Matteo Scarabelli ist so eine Art moderner Seume: Seit September radelt der Italiener ums Mittelmeer und bloggt täglich seine Erlebnisse im Corriere della Sera. Mittlerweile ist er in Algerien angekommen, Weihnachten will er Tunis erreichen.

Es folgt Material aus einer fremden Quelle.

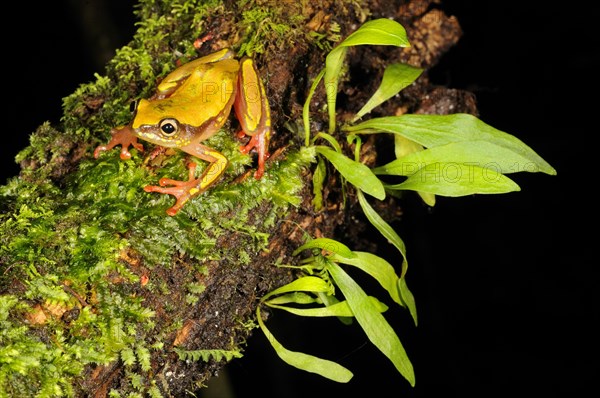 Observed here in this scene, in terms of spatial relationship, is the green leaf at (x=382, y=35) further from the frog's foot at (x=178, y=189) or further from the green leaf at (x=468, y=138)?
the frog's foot at (x=178, y=189)

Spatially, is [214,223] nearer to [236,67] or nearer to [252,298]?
[252,298]

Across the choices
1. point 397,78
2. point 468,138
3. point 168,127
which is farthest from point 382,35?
point 168,127

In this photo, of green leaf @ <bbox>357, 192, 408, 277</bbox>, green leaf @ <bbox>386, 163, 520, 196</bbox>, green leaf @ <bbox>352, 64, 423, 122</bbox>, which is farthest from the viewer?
green leaf @ <bbox>352, 64, 423, 122</bbox>

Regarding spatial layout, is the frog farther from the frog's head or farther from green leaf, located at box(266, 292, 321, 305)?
green leaf, located at box(266, 292, 321, 305)

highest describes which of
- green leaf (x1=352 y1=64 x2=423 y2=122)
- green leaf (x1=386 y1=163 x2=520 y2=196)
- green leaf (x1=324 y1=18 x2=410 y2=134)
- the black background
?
green leaf (x1=324 y1=18 x2=410 y2=134)

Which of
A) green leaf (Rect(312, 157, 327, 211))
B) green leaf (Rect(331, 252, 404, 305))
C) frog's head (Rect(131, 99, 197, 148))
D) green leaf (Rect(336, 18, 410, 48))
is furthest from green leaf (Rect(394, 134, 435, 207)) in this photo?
frog's head (Rect(131, 99, 197, 148))

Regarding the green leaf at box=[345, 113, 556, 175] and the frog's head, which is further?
the green leaf at box=[345, 113, 556, 175]

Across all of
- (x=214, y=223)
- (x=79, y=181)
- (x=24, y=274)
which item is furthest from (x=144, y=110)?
(x=24, y=274) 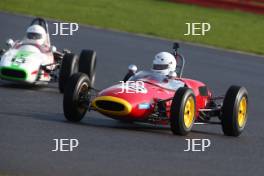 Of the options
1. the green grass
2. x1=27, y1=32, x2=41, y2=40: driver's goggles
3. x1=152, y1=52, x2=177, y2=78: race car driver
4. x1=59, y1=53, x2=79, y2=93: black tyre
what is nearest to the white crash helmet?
x1=152, y1=52, x2=177, y2=78: race car driver

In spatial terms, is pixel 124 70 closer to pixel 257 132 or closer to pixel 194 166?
pixel 257 132

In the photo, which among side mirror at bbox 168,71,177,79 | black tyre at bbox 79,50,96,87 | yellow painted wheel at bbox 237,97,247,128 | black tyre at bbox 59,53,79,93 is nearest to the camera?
yellow painted wheel at bbox 237,97,247,128

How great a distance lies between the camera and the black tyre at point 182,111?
12984 mm

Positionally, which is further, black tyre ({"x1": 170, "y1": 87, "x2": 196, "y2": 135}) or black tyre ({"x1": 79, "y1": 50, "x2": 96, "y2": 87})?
black tyre ({"x1": 79, "y1": 50, "x2": 96, "y2": 87})

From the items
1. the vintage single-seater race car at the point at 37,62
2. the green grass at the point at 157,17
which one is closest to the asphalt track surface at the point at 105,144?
the vintage single-seater race car at the point at 37,62

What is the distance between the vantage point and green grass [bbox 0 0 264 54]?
25609 mm

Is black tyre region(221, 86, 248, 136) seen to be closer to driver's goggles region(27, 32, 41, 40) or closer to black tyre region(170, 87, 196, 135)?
black tyre region(170, 87, 196, 135)

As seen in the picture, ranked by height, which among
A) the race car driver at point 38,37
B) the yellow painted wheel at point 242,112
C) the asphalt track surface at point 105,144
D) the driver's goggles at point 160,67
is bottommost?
the asphalt track surface at point 105,144

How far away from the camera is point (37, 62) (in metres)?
16.9

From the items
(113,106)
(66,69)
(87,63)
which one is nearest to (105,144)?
(113,106)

Ich hab ja immer was übrig für solche archaischen, altmodischen Reiseprojekte. Nicht wegen der sportlichen Extremleistung (die scheint Scarabelli auch nicht so ernst zu nehmen), sondern weil ich den Mut sympathisch finde, sich den Dingen herum unmittelbar auszusetzen. Es hat einerseits etwas Klösterliches und Selbstbezogenes, denn wer geht oder mit dem Rad fährt, wählt bewußt ein anderes Tempo als die übrige Welt. Andererseits ist es nicht wirklich eremitisch, denn man ist ja immer noch nahe genug an den Dingen dran. Man sieht mehr, wenn es langsamer geht, man bleibt eher stehen, wenn man keinen Käfig aus Blech um sich herum hat, man spürt Wind und Wetter und hört die Leute ringsherum reden, applaudieren oder fluchen.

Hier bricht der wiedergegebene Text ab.